───── Exercise inputs

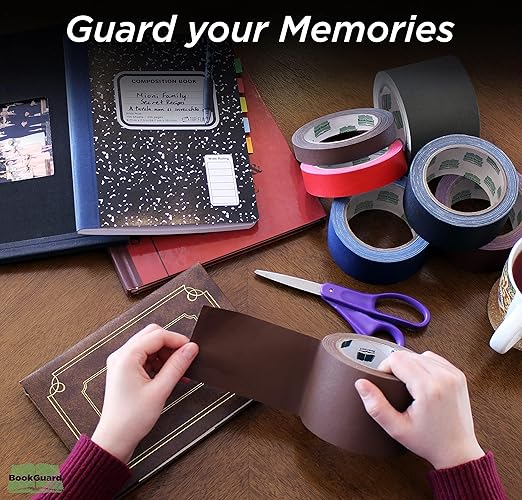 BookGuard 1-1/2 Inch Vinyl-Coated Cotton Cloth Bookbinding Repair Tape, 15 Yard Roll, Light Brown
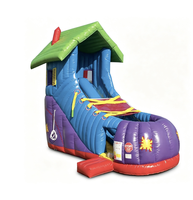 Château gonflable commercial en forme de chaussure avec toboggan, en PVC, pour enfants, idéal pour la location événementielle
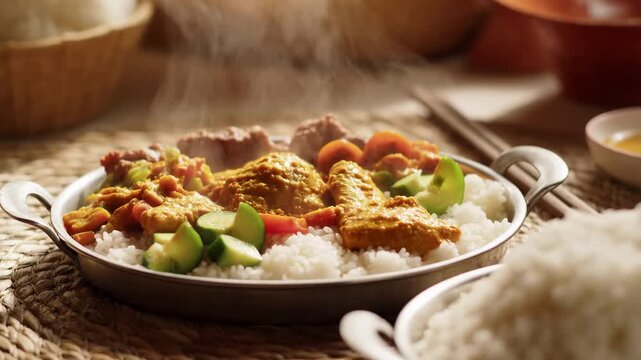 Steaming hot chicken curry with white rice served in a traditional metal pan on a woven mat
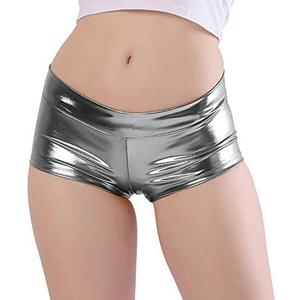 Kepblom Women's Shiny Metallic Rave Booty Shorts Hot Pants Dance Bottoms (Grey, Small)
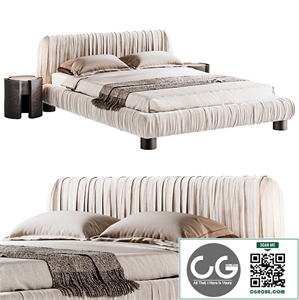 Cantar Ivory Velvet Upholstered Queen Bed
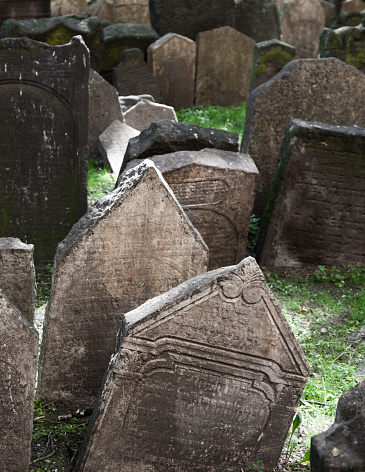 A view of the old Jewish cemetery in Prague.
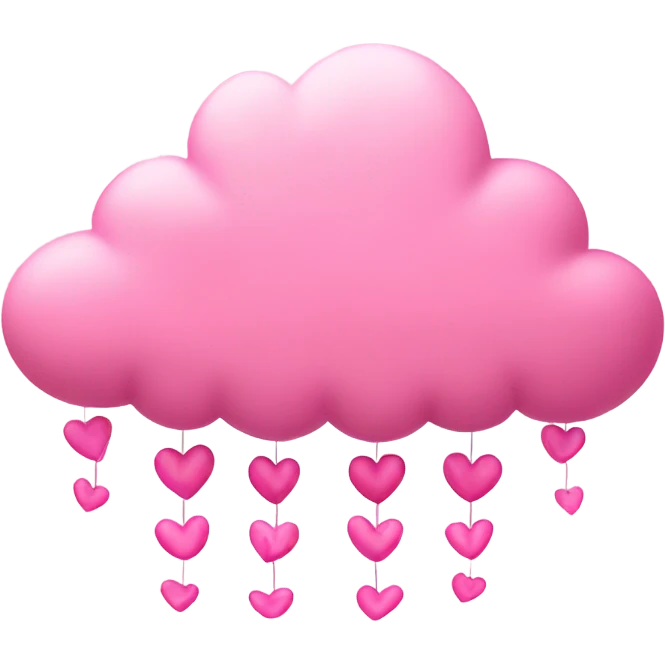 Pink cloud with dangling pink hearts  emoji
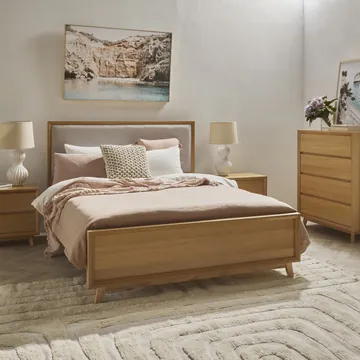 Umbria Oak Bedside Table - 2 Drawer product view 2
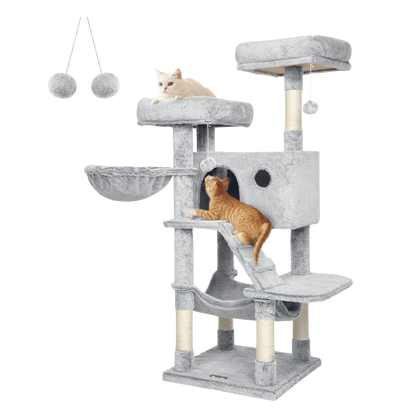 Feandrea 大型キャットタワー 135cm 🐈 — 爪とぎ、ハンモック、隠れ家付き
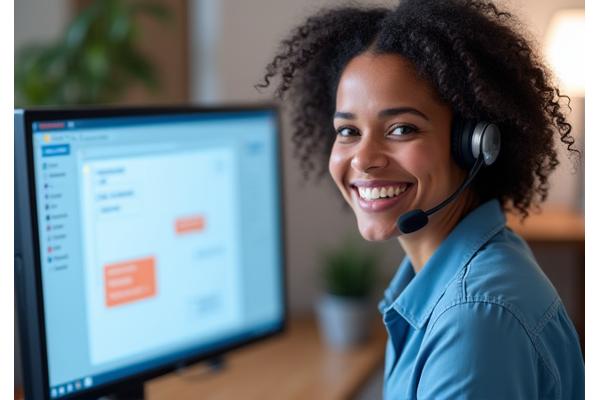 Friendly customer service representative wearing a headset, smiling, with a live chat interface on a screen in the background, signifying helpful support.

──────────
───── Exercise inputs

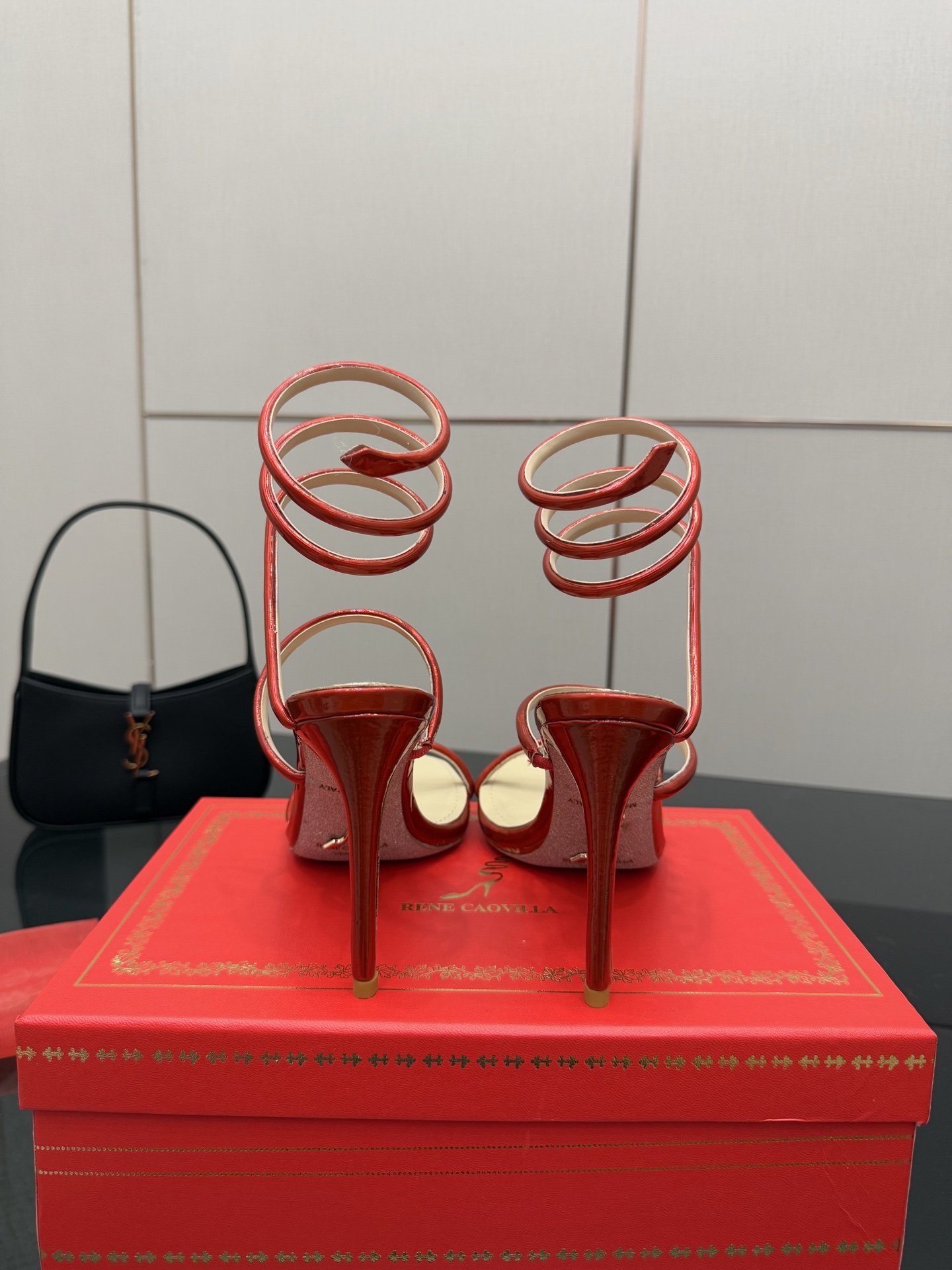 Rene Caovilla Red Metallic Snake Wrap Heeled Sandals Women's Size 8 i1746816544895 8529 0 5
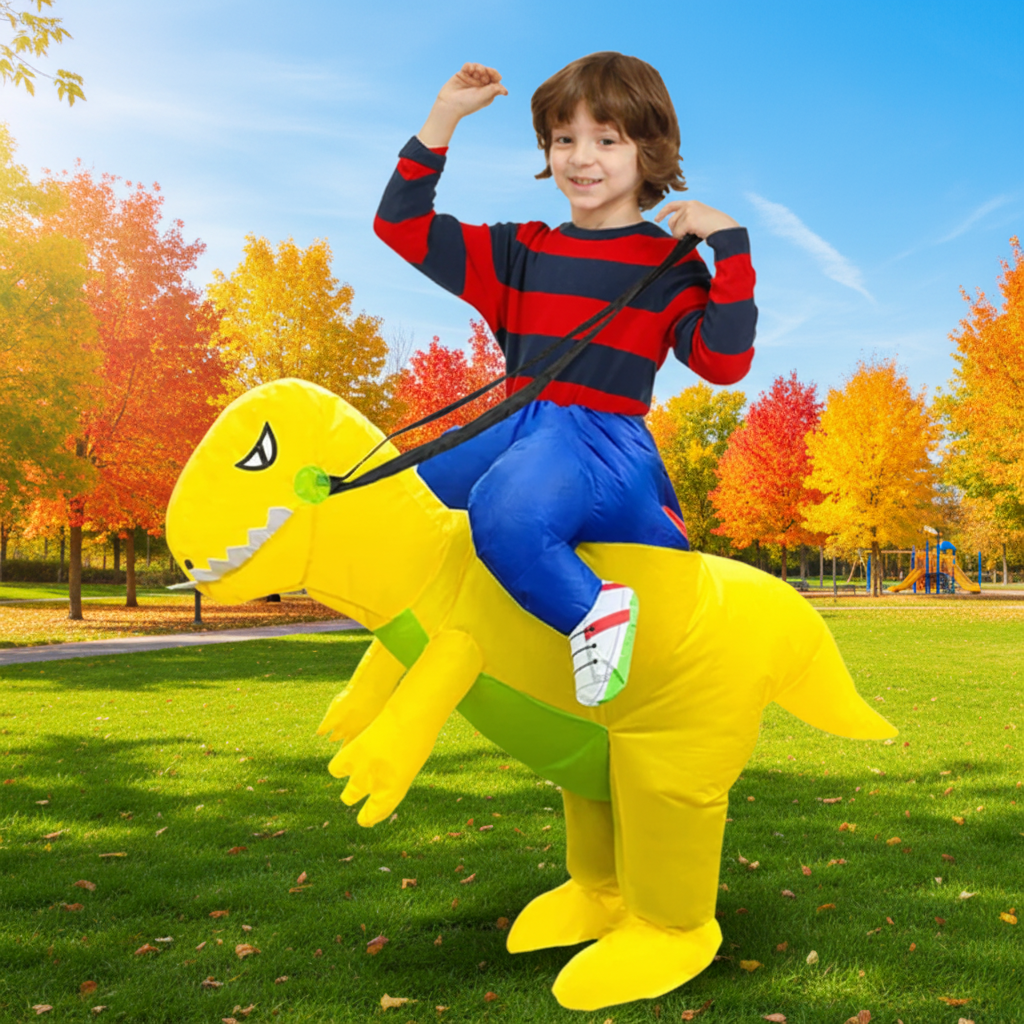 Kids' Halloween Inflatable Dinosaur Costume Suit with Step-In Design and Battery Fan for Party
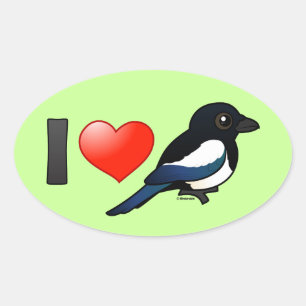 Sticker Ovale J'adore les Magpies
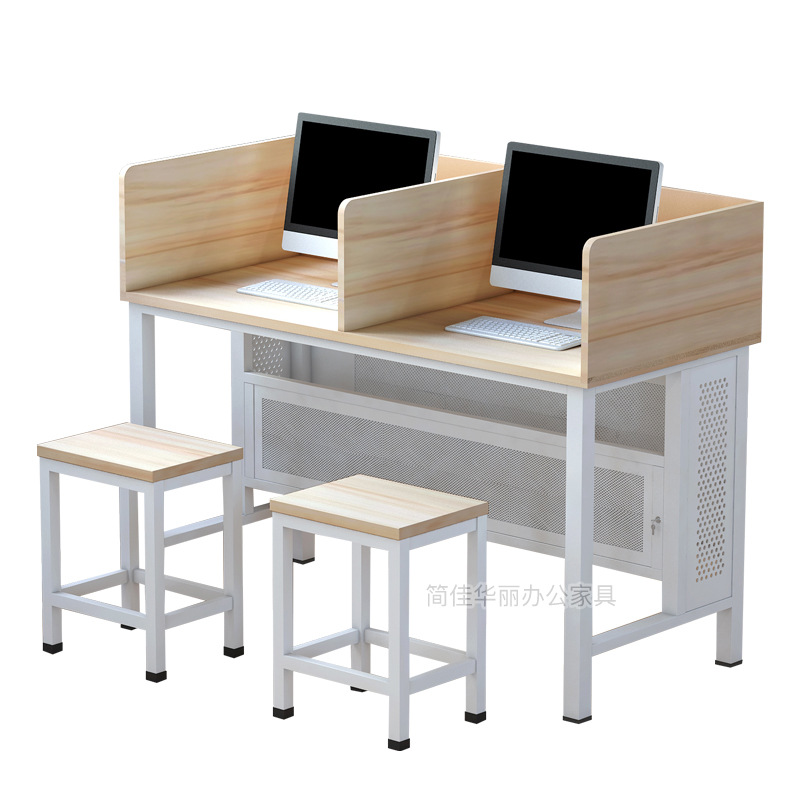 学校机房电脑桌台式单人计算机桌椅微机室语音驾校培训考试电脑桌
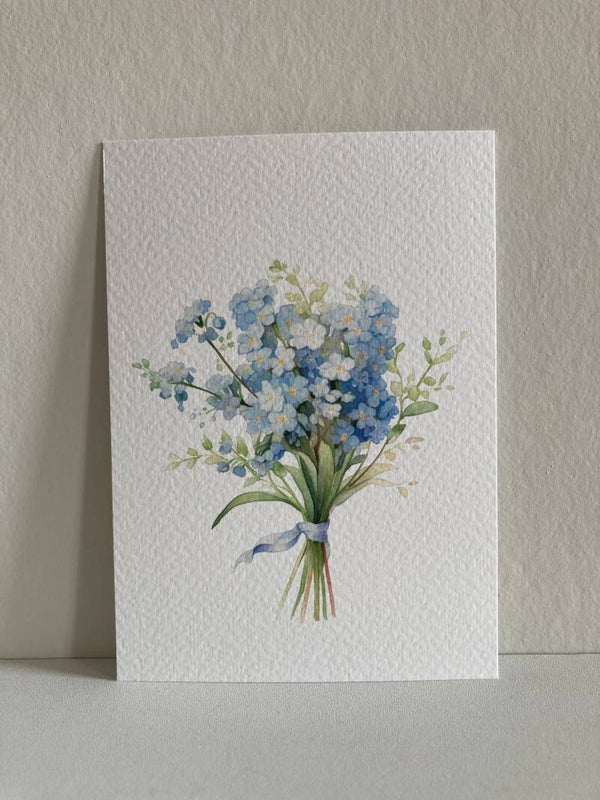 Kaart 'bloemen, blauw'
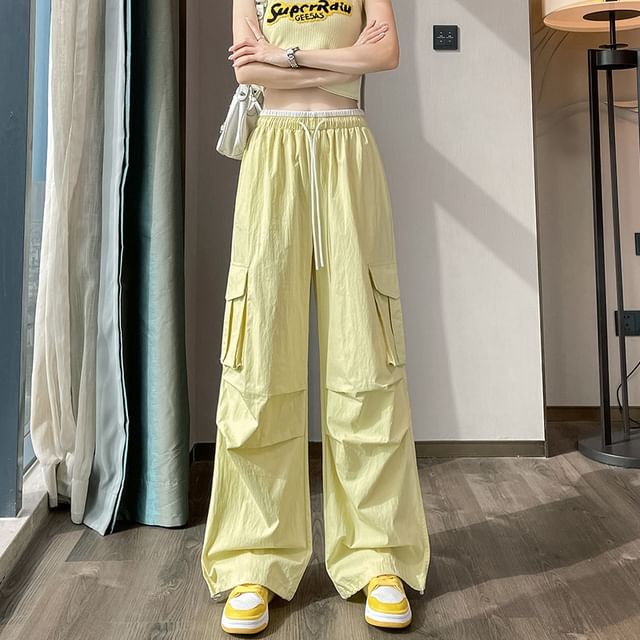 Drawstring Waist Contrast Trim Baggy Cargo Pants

──────────

Required action.
Output only the lines above from the line that holds "Kids' Halloween Inflatable" through the line that holds "Drawstring Waist Contrast", both ends included, and exclude pictures.

Result.
 Kids' Halloween Inflatable Dinosaur Costume Suit with Step-In Design and Battery Fan for Party
 Sticker Ovale J'adore les Magpies
 学校机房电脑桌台式单人计算机桌椅微机室语音驾校培训考试电脑桌
 Kaart 'bloemen, blauw'
 Drawstring Waist Contrast Trim Baggy Cargo Pants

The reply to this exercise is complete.